My thoughts about movies and TV shows I've been watching

See also my blog on books: Elliot's Reading

Monday, August 16, 2021

Kurosawa's Masterpiece: Seven Samurai

Akira Kurosawa’s 1956 masterpiece, Seven Samurai, is rightfully included on any best-picture list or ranking and has from its incarnation been recognized as one of the greatest films of all time. The story is at once extremely remote and unfamiliar to virtually all (first-time) viewers yet also universal and comprehensible across all cultural divides - which is why SS has been so successfully adapted in the famous American Wester The Magnificent Seven. Story in brief: in the late 1500s in rural Japan a small village of rice/barley farmers fear that once their harvest is in they will be overrun by a marauding team of bandits on horseback. Unable to counter such powerful armed assault, the village sends a team of elders to the nearest “city” (more an outpost or trading post) with the goal of hiring 7 Samurai to defend the village from attack; the 7 men recruited each has his own personality and role within the narrative, which is rich with elements (the youngest of the Samurai falls in love w/ a village girl, with many consequences, for example). To me the coolest of the Samurai has always been the world-expert swordsman who is focused on perfecting his art and a bit reluctant to take on this paramilitary assignment. The most famous is played by the great Toshiro Mifune, is miscreant who creates comic havoc but is always true to his commitments. There are so many great scenes, but to cite just a few: the test that head samurai (Takashi Shimura, another great actor) devices to test each samurai before the recruitment interview; Mifune following the other six on their way to the village, hoping to win them over; Mifune sounding the alarm when the samurai enter the village; the initial attack scenes, which show the brutality of medieval warfare ass well as any other film except maybe Chimes at Midnight; the village girl’s remorse when her father beats her after she’s had sex with the youngest samurai; and the closing moments, of course, with the rice harvest under way and the winds rustle the pennants over the graves of the fallen soldiers.
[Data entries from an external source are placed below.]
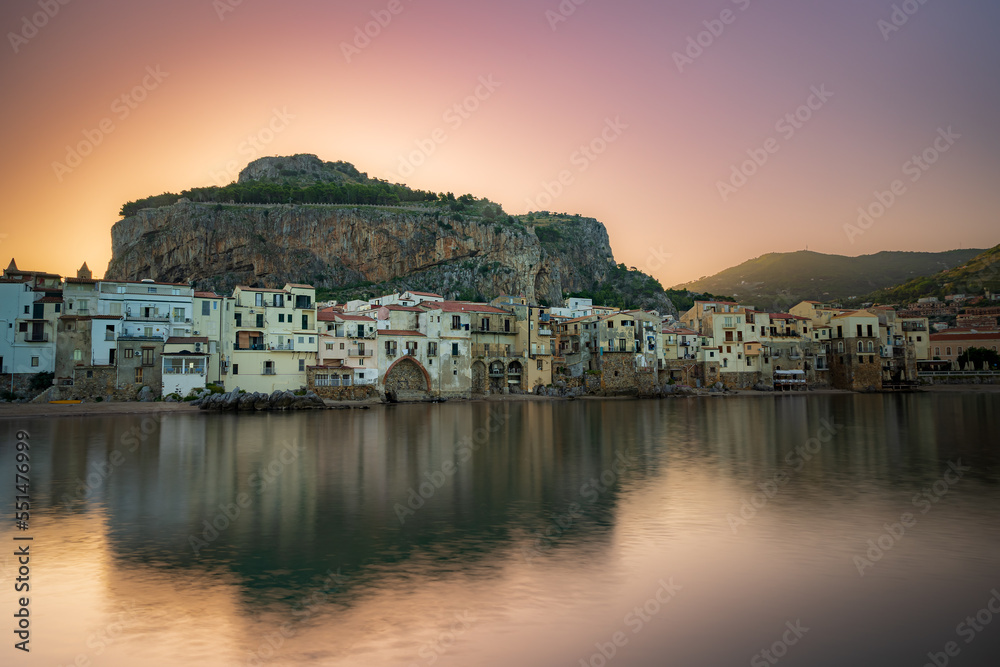 Sunrise behind the mountain. View of the old town of Cefalu, Mediterranean coast, Sicily, Italy.
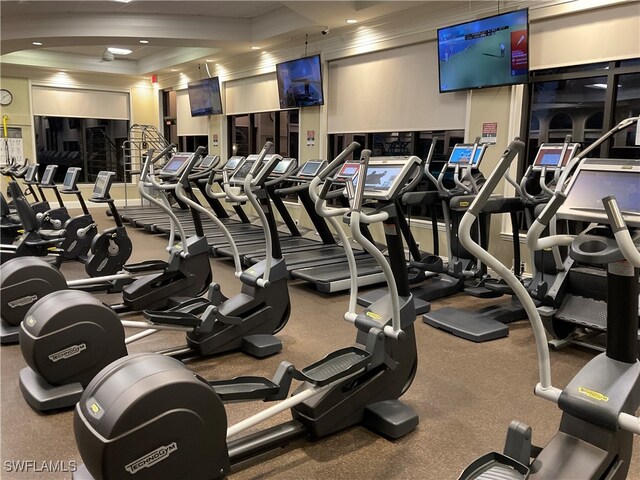 workout area with a raised ceiling and crown molding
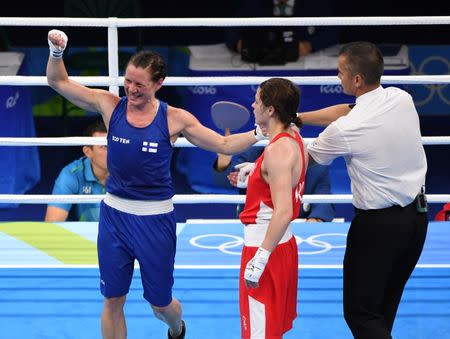 Aug 15, 2016; Rio de Janeiro, Brazil; Mira Potkonen (FIN, blue) reacts as she is named winner of a womenâ€™s light quarterfinal bout against Katie Taylor (IRL, red) at Riocentro - Pavilion 6 during the Rio 2016 Summer Olympic Games. Mandatory Credit: John David Mercer-USA TODAY Sports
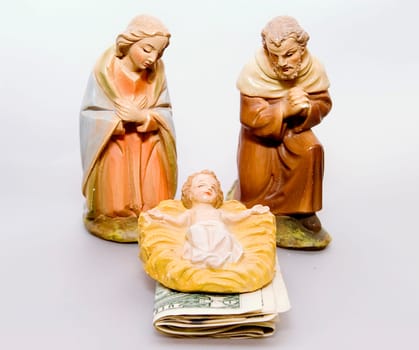 Commercialism vs Christmas, Mary and Joseph looking at baby Jesus, with money under the manger.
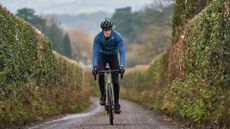 Image shows a rider cycling outdoors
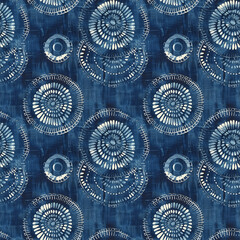 Indigo blue and white batik fabric, seamless circular patterns, incorporating small dots to create intricate designs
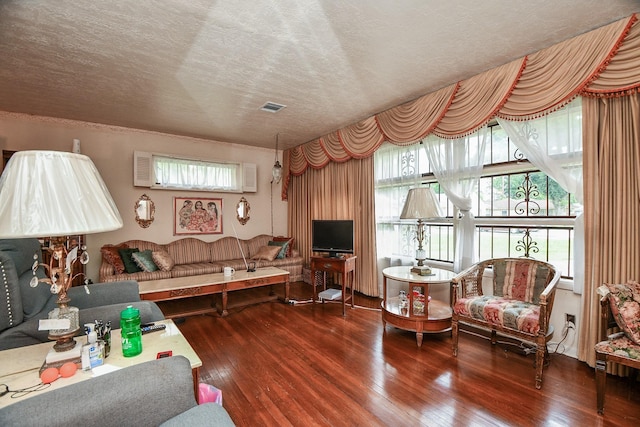 living area with visible vents, a textured ceiling, and hardwood / wood-style flooring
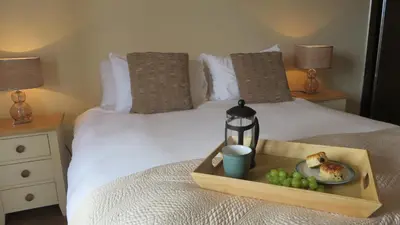 a tray of food and a plate of grapes on a bed at Citystay Living- Warren Close in Cambridge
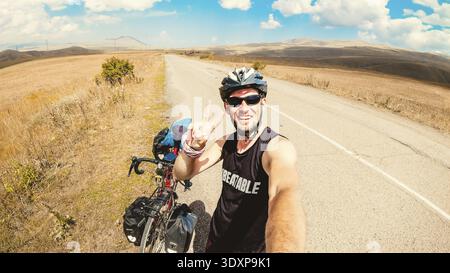 Ein weißer Mann steht am Fahrrad allein und fährt durch die ruhige Landschaft, voll mit Taschen im Freien, im Sommer zeigt die Hitze Daumen hoch. Kreative ec Stockfoto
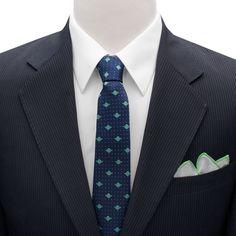 Rich navy blue forms the background canvas for this 100% silk tie. Featuring a series of Yoda images and small green dots reminiscent of stars sprinkled across a galaxy, this bestselling tie has become one our firm fan favorites. Wear alone or pair with one of our matching Yoda tie bars for a complete formal look. Officially licensed by Lucasfilm LTD. Green Formal Tie With Pocket Square, Dapper Green Ties For Business, Green Dapper Business Ties, Green Dapper Ties For Business, Yoda Images, Tie Box, Sock Storage, Star Sprinkles, Magic Wallet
Three + hours - but so engrossing and easy to watch. 

Sunday, August 8, 2021

Elliot's Watching Week of 8-1-21: Ronan Farrow, Fassbinder, J.K. Rowling, and a classic Western

 Elliot’s Watching - Week of 8-1-21: Catch & Kill, Despair, Strike, and 7 Men


Ronan Farrow’s 6-part documentary, Catch and Kill (HBO), is pretty much as it says: The Podcast Tapes. If you’ve listened to the podcasts (I hadn’t) there’s not much value added in this cinema/documentary version - almost all of the significant footage consists of the interviews that formed the basis of RF’s reporting on the Havey Weinstein, rapist. That said: This is still a great series for a lot of reasons: RF’s intrepid and brave reporting, the nefarious nature of HW which no doubt was well known and quietly tolerated across the whole entertainment industry, the cowardice of NBC news in ordering RF to kill the report and walking away from it, the boldness of the New Yorker in choosing to stick with RF and to run the story after scrupulous fact-checking, and the frightening attempts to intimidate RF and to dirty him up in fruitless efforts to kill the report or tarnish its veracity. I have nothing but praise for RF, a guy who could have chosen a much easier pathway in life, could have gotten all kinds of jobs and opportunities based on his connection to Hollywood/cultural elite, but who chose to pursue journalism and not in some half-assed, celebrity-kissing way but through the rigors or serious and dangerous reporting over many years and the extreme difficulty of writing a nonfiction book as well. We can see from these recordings that he’s a terrific interviewer and willing to push and probe and follow up on leads to get to the truth. And the truth - the power the HW wielded in the industry and the sense that his criminal behavior was so widely tolerated and the a major media outlet could be bullied by him and his minions into silence - all quite astonishing and depressing, but many kudos to RF for pursuing this path and bringing the truth to light.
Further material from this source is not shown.